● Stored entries

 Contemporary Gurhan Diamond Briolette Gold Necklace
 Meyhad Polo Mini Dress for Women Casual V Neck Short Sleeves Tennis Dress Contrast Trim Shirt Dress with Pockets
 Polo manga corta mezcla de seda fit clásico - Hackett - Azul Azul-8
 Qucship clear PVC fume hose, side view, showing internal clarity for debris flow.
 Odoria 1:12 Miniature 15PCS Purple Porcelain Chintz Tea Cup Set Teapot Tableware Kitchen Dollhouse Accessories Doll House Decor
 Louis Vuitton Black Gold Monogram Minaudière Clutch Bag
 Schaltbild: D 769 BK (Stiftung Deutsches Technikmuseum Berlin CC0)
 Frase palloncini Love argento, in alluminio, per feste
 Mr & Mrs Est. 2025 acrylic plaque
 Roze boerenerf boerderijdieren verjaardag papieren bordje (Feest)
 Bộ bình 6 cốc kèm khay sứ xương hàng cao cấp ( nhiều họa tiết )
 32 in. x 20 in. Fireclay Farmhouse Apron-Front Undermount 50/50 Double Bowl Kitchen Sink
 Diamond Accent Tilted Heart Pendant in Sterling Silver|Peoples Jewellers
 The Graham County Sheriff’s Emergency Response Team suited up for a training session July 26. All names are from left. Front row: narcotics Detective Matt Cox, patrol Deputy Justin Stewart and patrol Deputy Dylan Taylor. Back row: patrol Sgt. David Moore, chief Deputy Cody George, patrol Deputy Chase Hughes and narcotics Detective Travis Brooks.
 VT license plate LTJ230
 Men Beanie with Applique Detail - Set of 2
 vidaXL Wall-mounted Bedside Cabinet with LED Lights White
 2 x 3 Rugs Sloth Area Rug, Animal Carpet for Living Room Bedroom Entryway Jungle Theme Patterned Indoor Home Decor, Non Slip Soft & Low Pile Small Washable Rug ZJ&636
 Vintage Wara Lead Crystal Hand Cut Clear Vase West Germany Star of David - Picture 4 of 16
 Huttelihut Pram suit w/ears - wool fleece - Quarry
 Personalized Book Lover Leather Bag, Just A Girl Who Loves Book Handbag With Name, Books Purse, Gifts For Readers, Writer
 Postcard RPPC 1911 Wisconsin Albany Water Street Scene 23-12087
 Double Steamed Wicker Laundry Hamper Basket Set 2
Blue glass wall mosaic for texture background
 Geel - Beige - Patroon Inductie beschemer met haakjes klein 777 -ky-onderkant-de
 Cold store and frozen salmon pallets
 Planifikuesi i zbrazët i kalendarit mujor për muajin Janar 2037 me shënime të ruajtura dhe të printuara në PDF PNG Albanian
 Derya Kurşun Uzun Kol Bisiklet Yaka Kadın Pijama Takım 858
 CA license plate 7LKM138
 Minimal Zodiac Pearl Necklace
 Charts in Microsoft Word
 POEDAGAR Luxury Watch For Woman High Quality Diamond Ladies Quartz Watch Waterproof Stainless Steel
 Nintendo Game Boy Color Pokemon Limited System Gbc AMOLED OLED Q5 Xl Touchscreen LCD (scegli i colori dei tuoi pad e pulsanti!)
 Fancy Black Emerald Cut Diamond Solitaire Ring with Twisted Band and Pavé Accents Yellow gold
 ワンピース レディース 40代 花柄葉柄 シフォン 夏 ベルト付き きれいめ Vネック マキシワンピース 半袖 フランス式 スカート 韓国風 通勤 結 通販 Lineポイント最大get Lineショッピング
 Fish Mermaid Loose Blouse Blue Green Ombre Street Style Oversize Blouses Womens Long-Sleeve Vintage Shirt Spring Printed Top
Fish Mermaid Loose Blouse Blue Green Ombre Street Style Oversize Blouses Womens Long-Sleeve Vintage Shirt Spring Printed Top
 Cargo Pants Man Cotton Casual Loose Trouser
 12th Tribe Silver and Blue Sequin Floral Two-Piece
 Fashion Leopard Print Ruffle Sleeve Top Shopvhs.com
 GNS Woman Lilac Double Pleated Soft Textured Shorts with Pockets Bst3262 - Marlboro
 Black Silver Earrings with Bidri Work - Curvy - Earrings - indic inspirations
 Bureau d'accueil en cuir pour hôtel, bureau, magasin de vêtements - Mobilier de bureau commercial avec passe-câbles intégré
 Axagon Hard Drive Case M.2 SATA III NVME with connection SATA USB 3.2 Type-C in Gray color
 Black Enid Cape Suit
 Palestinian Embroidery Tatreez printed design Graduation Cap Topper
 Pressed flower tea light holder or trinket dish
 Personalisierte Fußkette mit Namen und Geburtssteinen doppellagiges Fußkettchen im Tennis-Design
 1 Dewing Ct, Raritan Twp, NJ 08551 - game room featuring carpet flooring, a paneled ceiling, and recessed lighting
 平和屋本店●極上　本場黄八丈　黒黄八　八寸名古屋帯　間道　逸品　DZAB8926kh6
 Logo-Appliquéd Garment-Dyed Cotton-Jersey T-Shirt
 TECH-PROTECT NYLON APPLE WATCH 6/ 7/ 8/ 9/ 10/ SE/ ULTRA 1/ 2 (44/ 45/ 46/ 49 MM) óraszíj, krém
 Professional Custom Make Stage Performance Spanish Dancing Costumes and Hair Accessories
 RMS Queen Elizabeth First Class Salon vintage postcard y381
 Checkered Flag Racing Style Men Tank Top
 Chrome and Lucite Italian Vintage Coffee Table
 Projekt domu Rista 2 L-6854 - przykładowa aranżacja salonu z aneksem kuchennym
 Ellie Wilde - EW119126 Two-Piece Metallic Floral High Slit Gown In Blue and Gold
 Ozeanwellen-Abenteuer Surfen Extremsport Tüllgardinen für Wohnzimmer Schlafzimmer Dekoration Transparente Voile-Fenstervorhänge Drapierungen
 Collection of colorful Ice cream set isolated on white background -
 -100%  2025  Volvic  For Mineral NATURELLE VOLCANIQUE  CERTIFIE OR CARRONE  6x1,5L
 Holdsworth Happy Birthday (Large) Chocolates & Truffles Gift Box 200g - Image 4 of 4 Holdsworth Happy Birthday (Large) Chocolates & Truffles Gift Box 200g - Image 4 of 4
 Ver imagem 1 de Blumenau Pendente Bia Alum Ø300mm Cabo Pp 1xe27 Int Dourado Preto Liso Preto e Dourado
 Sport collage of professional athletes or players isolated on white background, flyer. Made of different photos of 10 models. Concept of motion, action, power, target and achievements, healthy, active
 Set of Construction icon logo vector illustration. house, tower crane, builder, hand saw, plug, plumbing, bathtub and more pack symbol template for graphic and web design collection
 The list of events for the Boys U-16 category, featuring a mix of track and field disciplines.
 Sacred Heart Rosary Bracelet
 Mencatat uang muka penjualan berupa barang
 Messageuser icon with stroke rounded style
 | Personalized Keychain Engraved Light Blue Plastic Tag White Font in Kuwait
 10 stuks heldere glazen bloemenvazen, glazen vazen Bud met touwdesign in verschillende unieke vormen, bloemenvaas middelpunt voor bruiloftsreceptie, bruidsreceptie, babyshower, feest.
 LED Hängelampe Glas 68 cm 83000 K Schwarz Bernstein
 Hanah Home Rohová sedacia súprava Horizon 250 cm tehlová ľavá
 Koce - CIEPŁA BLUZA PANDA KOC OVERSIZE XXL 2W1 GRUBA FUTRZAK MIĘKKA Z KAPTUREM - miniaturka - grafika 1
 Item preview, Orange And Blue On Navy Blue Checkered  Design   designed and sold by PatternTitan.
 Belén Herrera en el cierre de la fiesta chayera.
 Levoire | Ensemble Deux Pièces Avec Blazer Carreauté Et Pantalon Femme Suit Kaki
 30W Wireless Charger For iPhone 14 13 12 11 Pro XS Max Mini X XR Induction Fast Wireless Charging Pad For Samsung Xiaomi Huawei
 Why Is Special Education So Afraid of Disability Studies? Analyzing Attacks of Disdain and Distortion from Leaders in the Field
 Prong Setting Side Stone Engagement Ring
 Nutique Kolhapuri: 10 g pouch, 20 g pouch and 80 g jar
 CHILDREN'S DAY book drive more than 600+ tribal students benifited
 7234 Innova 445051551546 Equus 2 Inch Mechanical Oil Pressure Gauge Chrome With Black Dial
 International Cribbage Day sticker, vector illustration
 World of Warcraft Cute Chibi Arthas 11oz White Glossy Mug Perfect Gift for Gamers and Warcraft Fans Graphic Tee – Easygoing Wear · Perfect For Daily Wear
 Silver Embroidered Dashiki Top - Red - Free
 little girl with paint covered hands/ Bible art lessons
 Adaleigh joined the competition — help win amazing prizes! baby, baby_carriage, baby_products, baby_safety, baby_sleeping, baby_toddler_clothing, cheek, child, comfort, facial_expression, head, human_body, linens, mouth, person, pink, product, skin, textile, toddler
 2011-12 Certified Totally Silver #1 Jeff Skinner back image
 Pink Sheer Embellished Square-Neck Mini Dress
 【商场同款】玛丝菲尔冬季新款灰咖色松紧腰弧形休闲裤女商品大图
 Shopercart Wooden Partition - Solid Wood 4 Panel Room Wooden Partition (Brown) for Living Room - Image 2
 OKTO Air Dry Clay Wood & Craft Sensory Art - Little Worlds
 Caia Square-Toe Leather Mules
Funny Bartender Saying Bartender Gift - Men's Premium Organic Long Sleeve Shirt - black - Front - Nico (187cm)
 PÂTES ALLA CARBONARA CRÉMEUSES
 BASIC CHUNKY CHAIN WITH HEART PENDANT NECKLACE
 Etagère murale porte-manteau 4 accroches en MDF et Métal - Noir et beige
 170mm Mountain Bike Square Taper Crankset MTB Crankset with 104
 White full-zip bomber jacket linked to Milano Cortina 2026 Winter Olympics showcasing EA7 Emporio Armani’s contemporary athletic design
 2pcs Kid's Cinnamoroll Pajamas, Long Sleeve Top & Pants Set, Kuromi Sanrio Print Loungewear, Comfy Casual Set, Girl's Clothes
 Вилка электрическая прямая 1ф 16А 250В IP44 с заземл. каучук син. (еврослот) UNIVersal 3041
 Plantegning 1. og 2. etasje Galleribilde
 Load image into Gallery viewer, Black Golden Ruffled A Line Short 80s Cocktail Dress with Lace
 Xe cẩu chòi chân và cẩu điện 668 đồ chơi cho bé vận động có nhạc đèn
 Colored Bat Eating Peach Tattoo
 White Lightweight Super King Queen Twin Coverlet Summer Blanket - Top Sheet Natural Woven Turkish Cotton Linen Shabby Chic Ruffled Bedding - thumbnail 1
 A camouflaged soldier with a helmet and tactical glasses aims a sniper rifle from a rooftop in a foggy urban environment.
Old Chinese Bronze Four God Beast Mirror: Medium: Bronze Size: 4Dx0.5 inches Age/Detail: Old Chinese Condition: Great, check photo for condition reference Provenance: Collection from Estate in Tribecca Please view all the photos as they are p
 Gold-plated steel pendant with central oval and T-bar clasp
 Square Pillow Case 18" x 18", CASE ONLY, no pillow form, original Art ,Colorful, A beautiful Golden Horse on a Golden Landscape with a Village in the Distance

● How to complete this task
Set down, exactly as they appear above, all lines from the one that has "Colored Bat Eating Peach Tattoo" down to the one that has "White Lightweight Super", including those two and no others.

● Answer to the problem
 Colored Bat Eating Peach Tattoo
 White Lightweight Super King Queen Twin Coverlet Summer Blanket - Top Sheet Natural Woven Turkish Cotton Linen Shabby Chic Ruffled Bedding - thumbnail 1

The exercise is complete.